_Try it_: Nothing but the lines below from the one that contains "163 Sentinel Hill Road North Haven CT 06473" through the one that contains "29 Queens Quay E, Unit 616 thumbnail 18" should be retyped, exactly and including both ends. Do not include pictures.

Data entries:
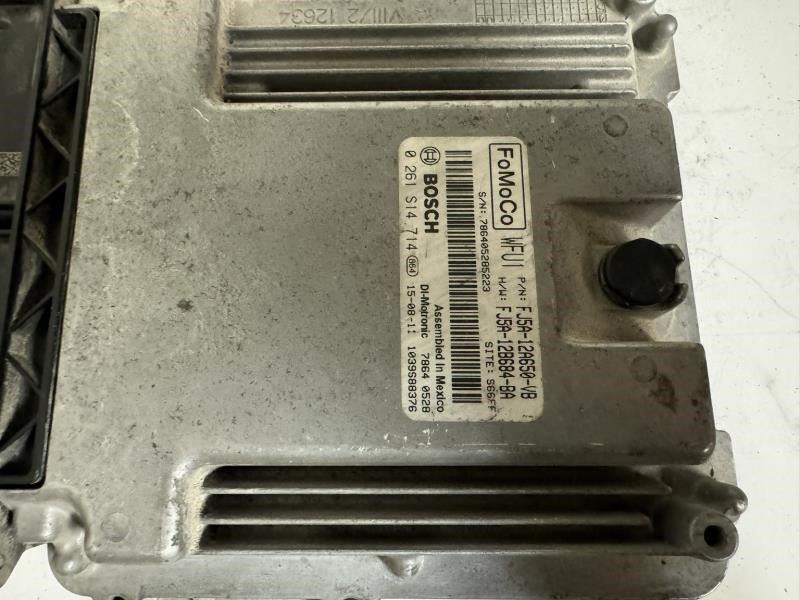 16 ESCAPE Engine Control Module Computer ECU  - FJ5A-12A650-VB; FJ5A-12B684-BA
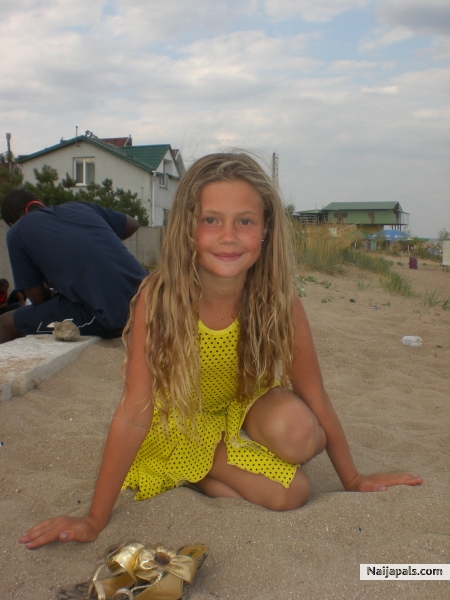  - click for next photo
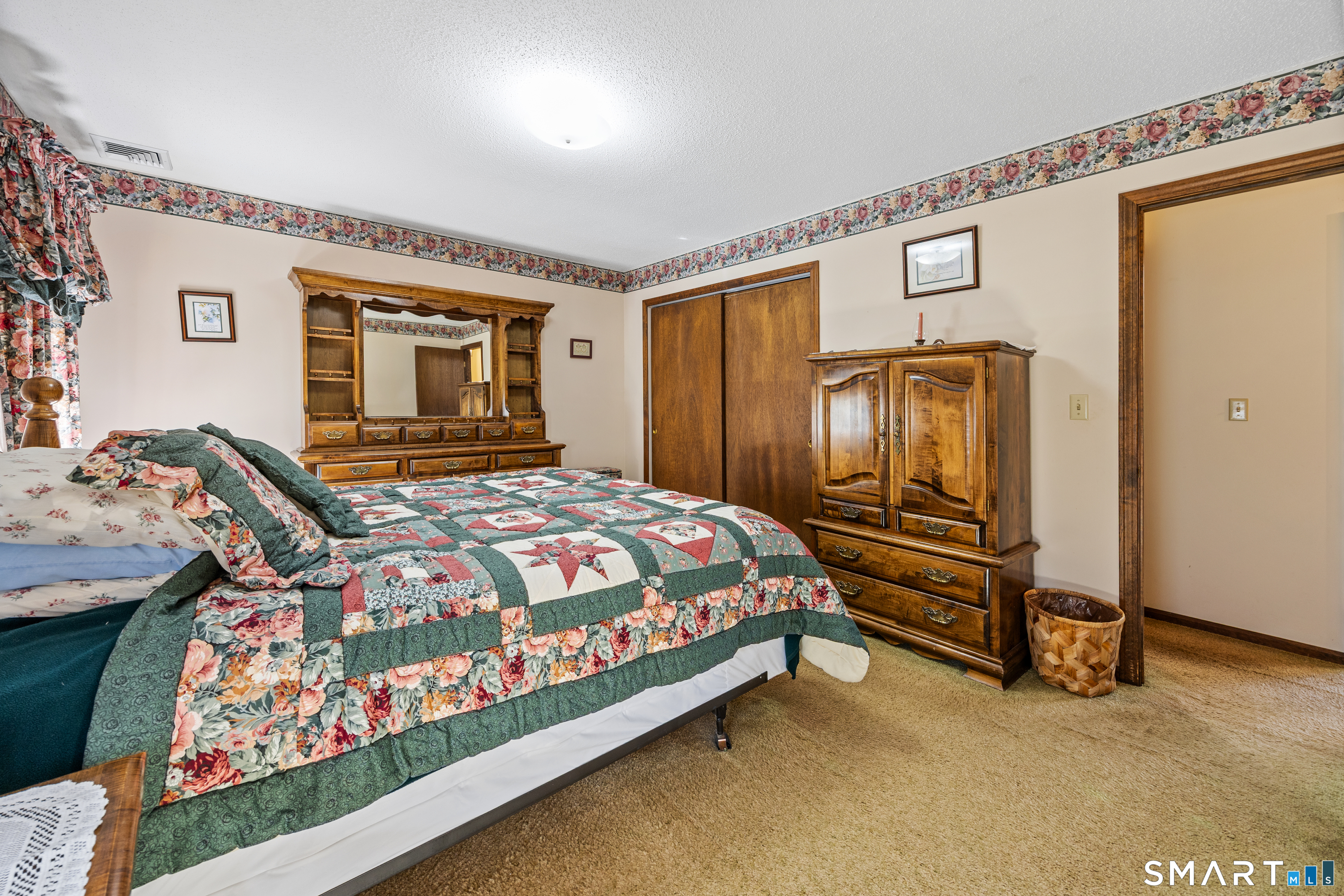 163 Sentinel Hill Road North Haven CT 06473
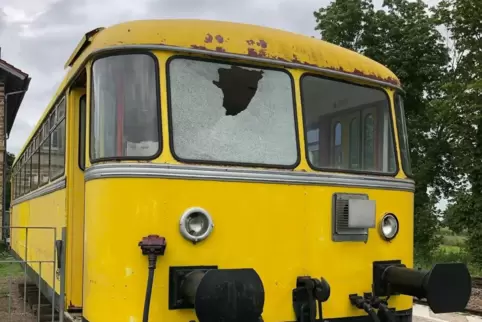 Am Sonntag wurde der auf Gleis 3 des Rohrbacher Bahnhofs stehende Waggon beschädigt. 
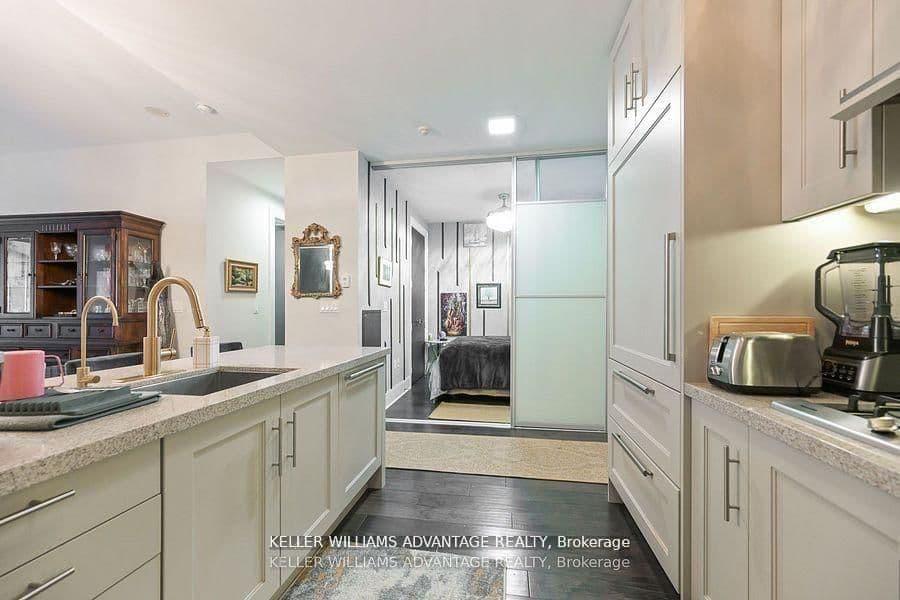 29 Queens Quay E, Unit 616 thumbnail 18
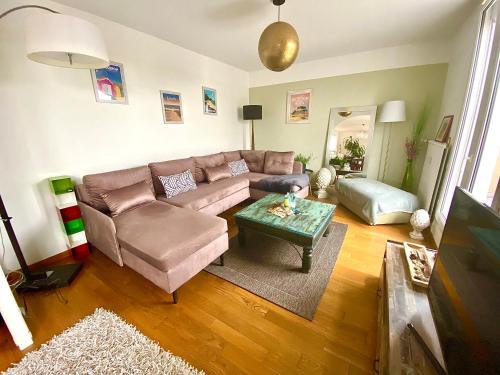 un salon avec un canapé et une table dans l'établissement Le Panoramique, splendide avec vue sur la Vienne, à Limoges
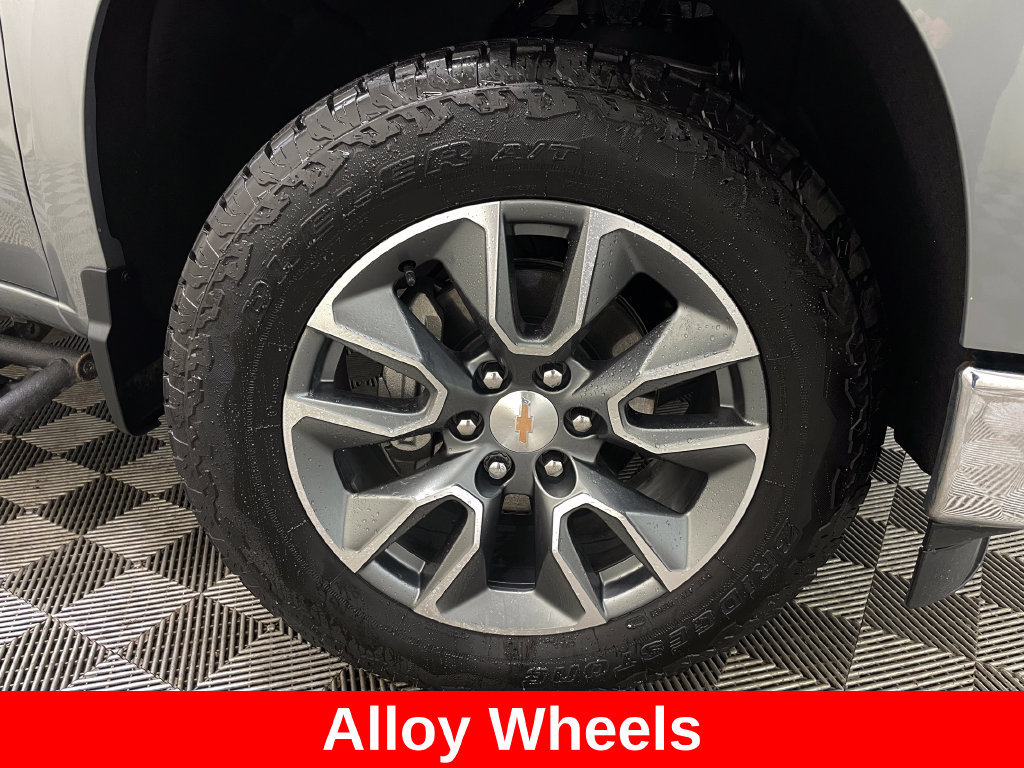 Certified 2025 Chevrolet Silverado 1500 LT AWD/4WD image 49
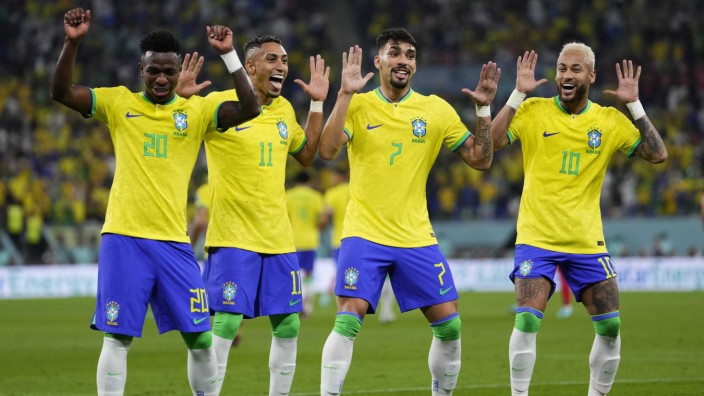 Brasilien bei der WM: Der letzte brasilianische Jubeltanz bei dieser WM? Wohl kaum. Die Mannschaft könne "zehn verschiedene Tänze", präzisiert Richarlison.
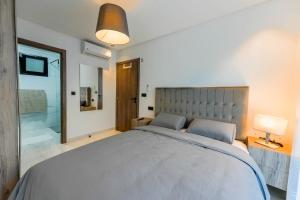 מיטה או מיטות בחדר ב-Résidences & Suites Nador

_Result of the exercise_:
 163 Sentinel Hill Road North Haven CT 06473
 Am Sonntag wurde der auf Gleis 3 des Rohrbacher Bahnhofs stehende Waggon beschädigt. 
 29 Queens Quay E, Unit 616 thumbnail 18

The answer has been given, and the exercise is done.